= James Flawn =

James Flawn (1837–1917) was an English restaurateur and tent revivalist who was largely involved with the Salvation Army from 1865 to his death.

Flawn was born 1937, the eldest child surviving past infancy, of Huguenot weavers James Daniel Flawn and Harriet Wilson.

Flawn was orphaned and in poverty at an early age, and took motivation to help the hungry from his childhood. He was a member of the Huguenot "Christian Community".

Flawn was a worker at the Tent Mission before William Booth took over.

He remained with Booth after he became the leader of the East London Special Services Commission. In April 1870 Flawn became manager of the soup kitchen attached to the Peoples Mission Hall.

Flawn owned a restaurant in Pudding Lane where William and Catherine Booth dined regularly, until they moved from Hammersmith to Hackney.

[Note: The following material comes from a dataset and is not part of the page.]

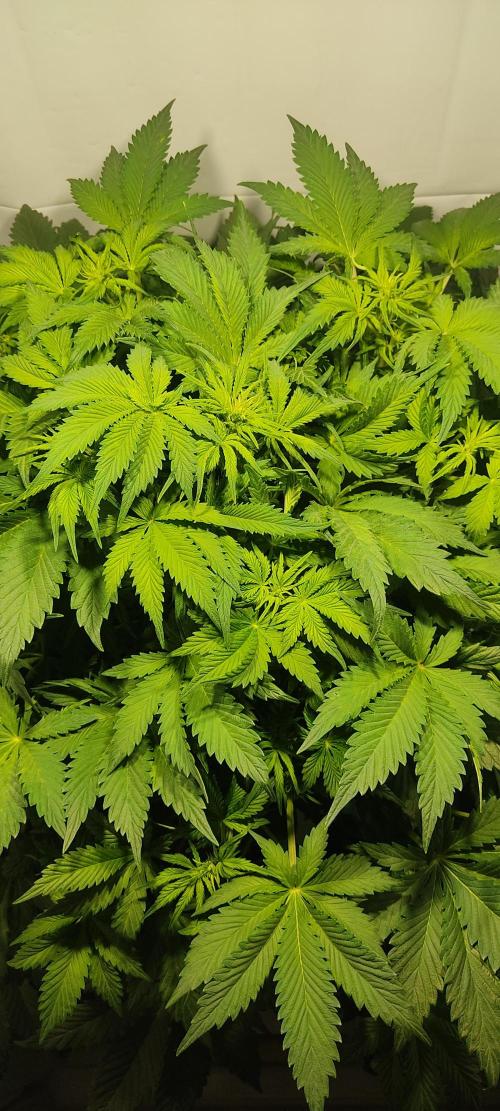 Diablo Rojo XL by Sweet Seeds - DWC. Week 4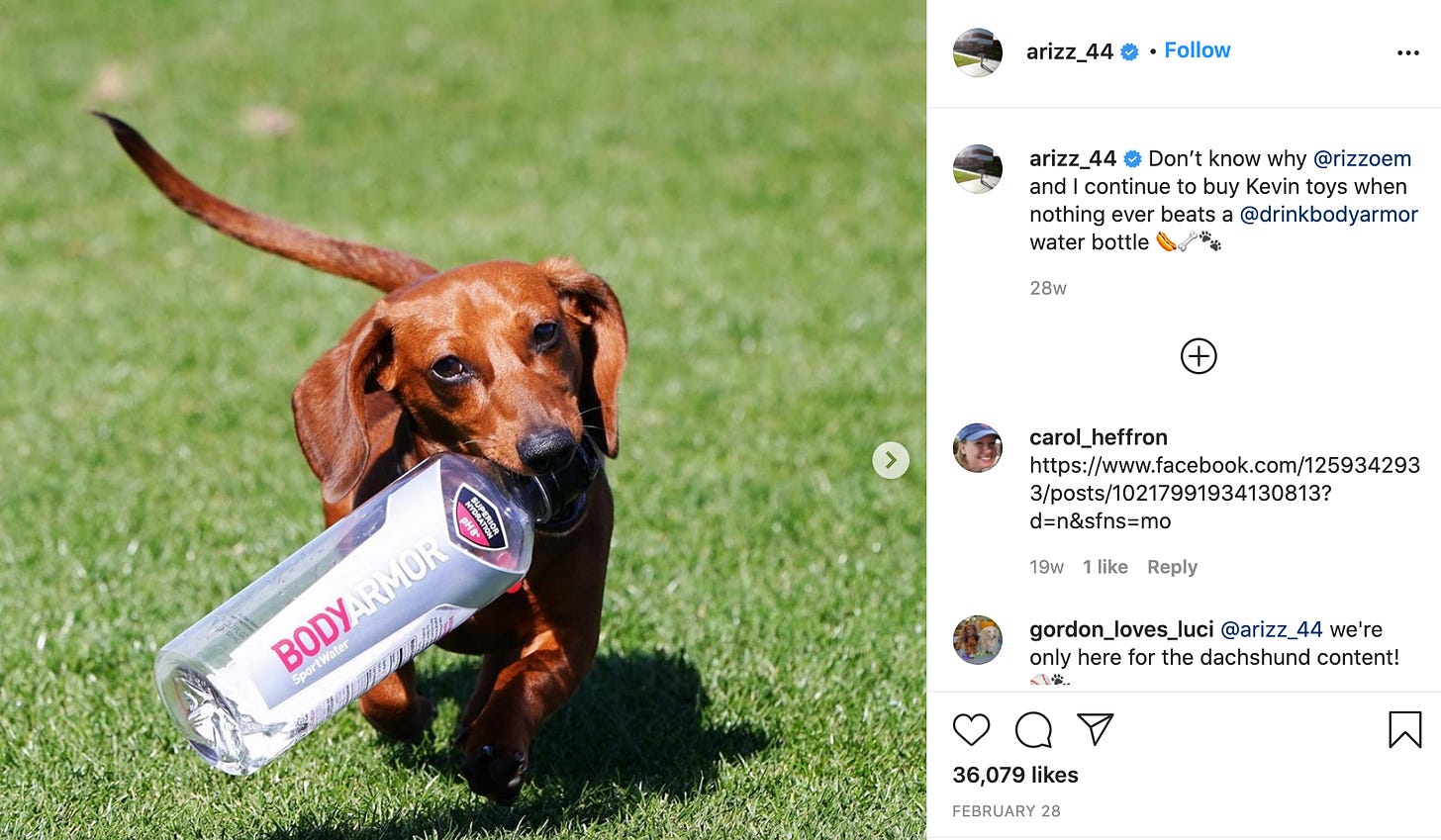 Cubs' Anthony Rizzo throws his dog, Kevin, a birthday party ...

In 1871 Flawn, with fifteen-year-old Bramwell Booth who kept the books, administered the five East London outlets of the mission, known as Food-for-the-Million shops.

Flawn headed up the catering for the International Training College for Salvation Army workers at the Congress Hall in Lower Clapton, known as "Commissary Flawn".

Flawn is mentioned in William Booth: Soup, Soap, and Salvation, a dramatised biography of Booth, and in Seven dark rivers and the Salvation Army.